Exercise requirements: Copy verbatim the block of lines in the entries below whose first line contains "Акумуляторний ліхтар лампа" and whose last line contains "Vintage 1960 s". Leave out all other lines.

Data supplied:
+++
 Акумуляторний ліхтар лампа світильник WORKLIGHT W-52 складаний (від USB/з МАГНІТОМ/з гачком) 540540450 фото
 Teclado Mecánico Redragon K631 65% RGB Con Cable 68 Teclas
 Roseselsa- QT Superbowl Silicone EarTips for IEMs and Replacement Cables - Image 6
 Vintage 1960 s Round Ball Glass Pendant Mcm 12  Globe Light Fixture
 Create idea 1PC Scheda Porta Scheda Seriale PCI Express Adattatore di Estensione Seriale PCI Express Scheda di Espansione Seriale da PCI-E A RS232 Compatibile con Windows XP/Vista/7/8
+++
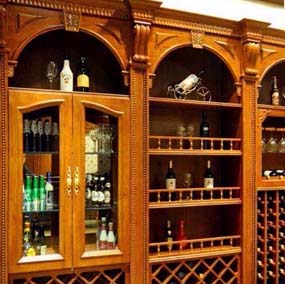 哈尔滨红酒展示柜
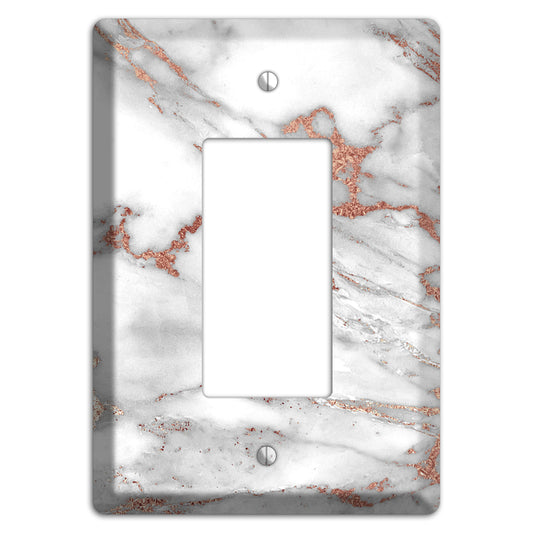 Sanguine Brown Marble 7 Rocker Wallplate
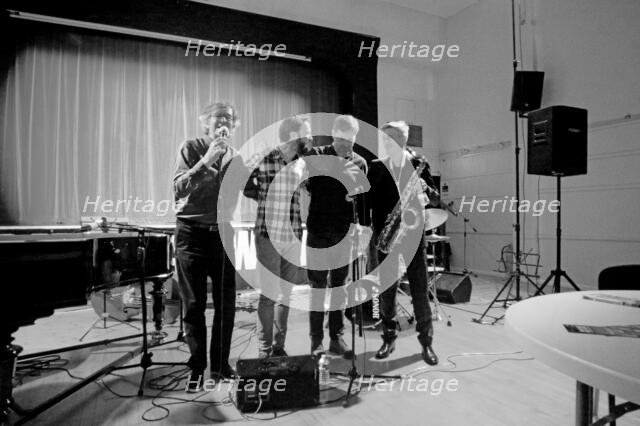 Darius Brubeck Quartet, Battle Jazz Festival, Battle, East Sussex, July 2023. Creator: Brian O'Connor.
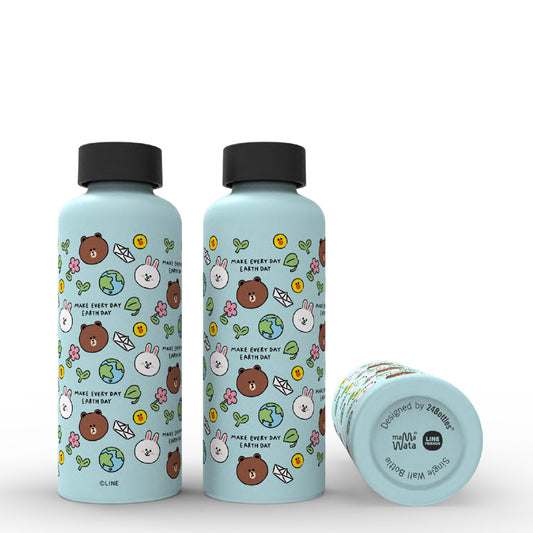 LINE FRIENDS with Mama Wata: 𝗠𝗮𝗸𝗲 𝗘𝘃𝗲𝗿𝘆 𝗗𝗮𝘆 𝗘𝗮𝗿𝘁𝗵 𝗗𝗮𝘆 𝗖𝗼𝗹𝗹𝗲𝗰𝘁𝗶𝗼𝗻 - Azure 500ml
+++
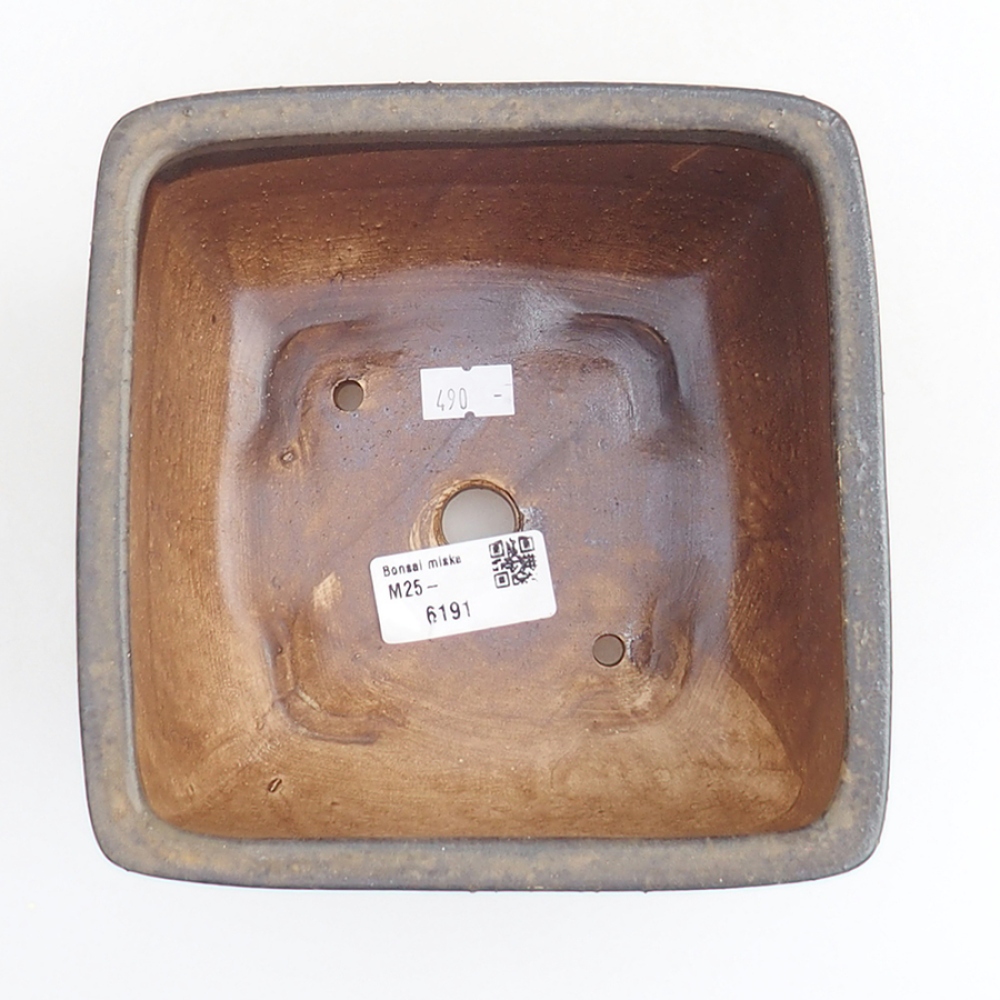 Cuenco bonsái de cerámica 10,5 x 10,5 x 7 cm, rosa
+++
Solution for this task:
 Акумуляторний ліхтар лампа світильник WORKLIGHT W-52 складаний (від USB/з МАГНІТОМ/з гачком) 540540450 фото
 Teclado Mecánico Redragon K631 65% RGB Con Cable 68 Teclas
 Roseselsa- QT Superbowl Silicone EarTips for IEMs and Replacement Cables - Image 6
 Vintage 1960 s Round Ball Glass Pendant Mcm 12  Globe Light Fixture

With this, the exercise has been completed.